▸ Extracted material:
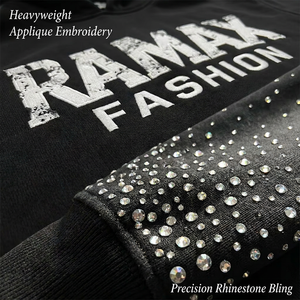 Fabricant de survêtements personnalisés en tissu épais 500 g/m² avec broderie, OEM, appliques en strass, streetwear vintage délavé à l'acide pour marques - Product Image 2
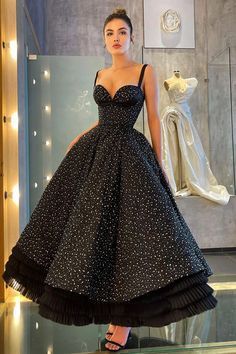 Ankle Length Evening Dress, Tea Length Prom Dress, Black Ball Gown, Ruffle Prom Dress, Princess Prom Dresses, Black Dress Formal, Black Prom Dress, Black Prom, Dress Princess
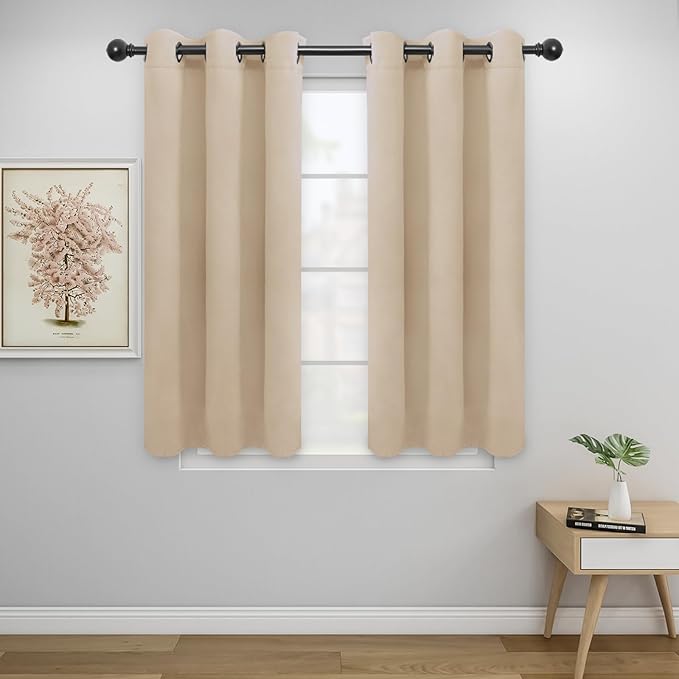 Easy-Going Blackout Curtains for Bedroom, Solid Thermal Insulated Grommet and Noise Reduction Window Drapes, Room Darkening Curtains for Living Room, 2 Panels (34x45 in, Beige)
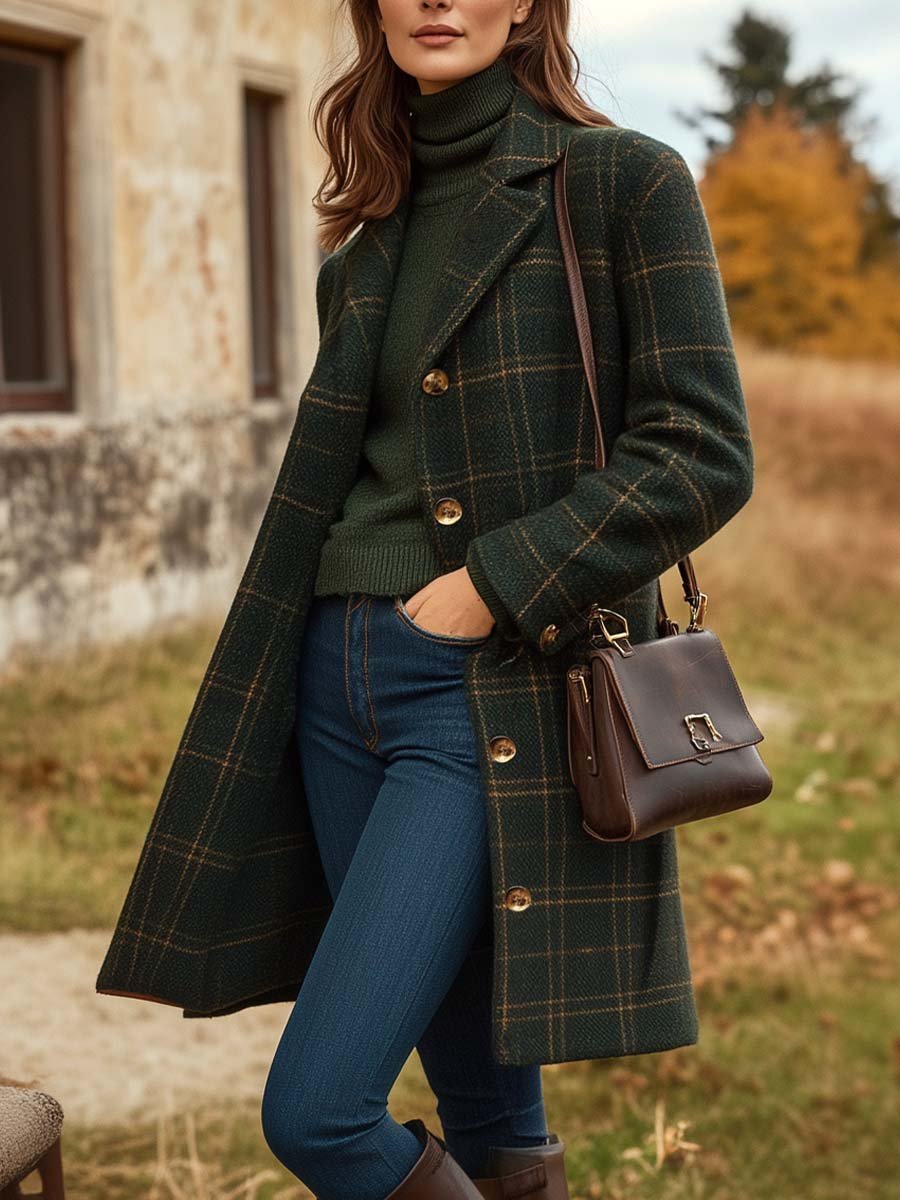Elegant long plaid tailored winter coat for women | Peyton Elan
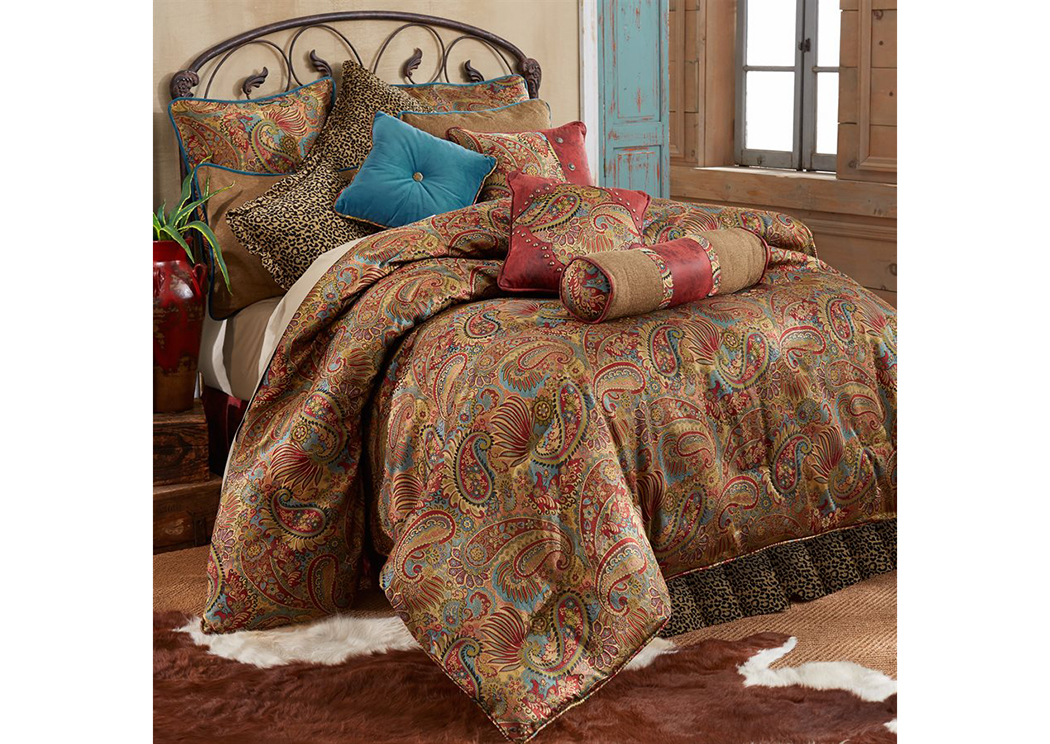 San Angelo 4 Pc Leopard & Paisely Print Full Comforter Set,Hi End Accents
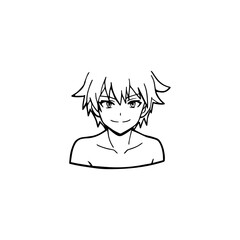 Black and white hot anime character line art illustration, stylish minimal outline drawing in clean style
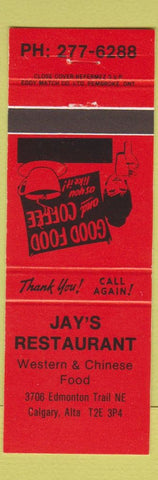 Matchbook Cover - Jay's Restaurant Calgary AB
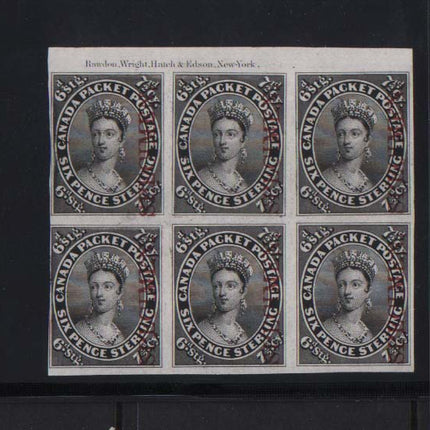 Canada #9TCi Mint Plate Proof Block On India Paper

▸ What you will do: Print exactly the lines between the line containing "Elegant long plaid" and the last line of the entries above, including both, and nothing besides; skip the pictures.

▸ Solution for this task:
Elegant long plaid tailored winter coat for women | Peyton Elan
 San Angelo 4 Pc Leopard & Paisely Print Full Comforter Set,Hi End Accents
 Black and white hot anime character line art illustration, stylish minimal outline drawing in clean style
 Matchbook Cover - Jay's Restaurant Calgary AB
 Canada #9TCi Mint Plate Proof Block On India Paper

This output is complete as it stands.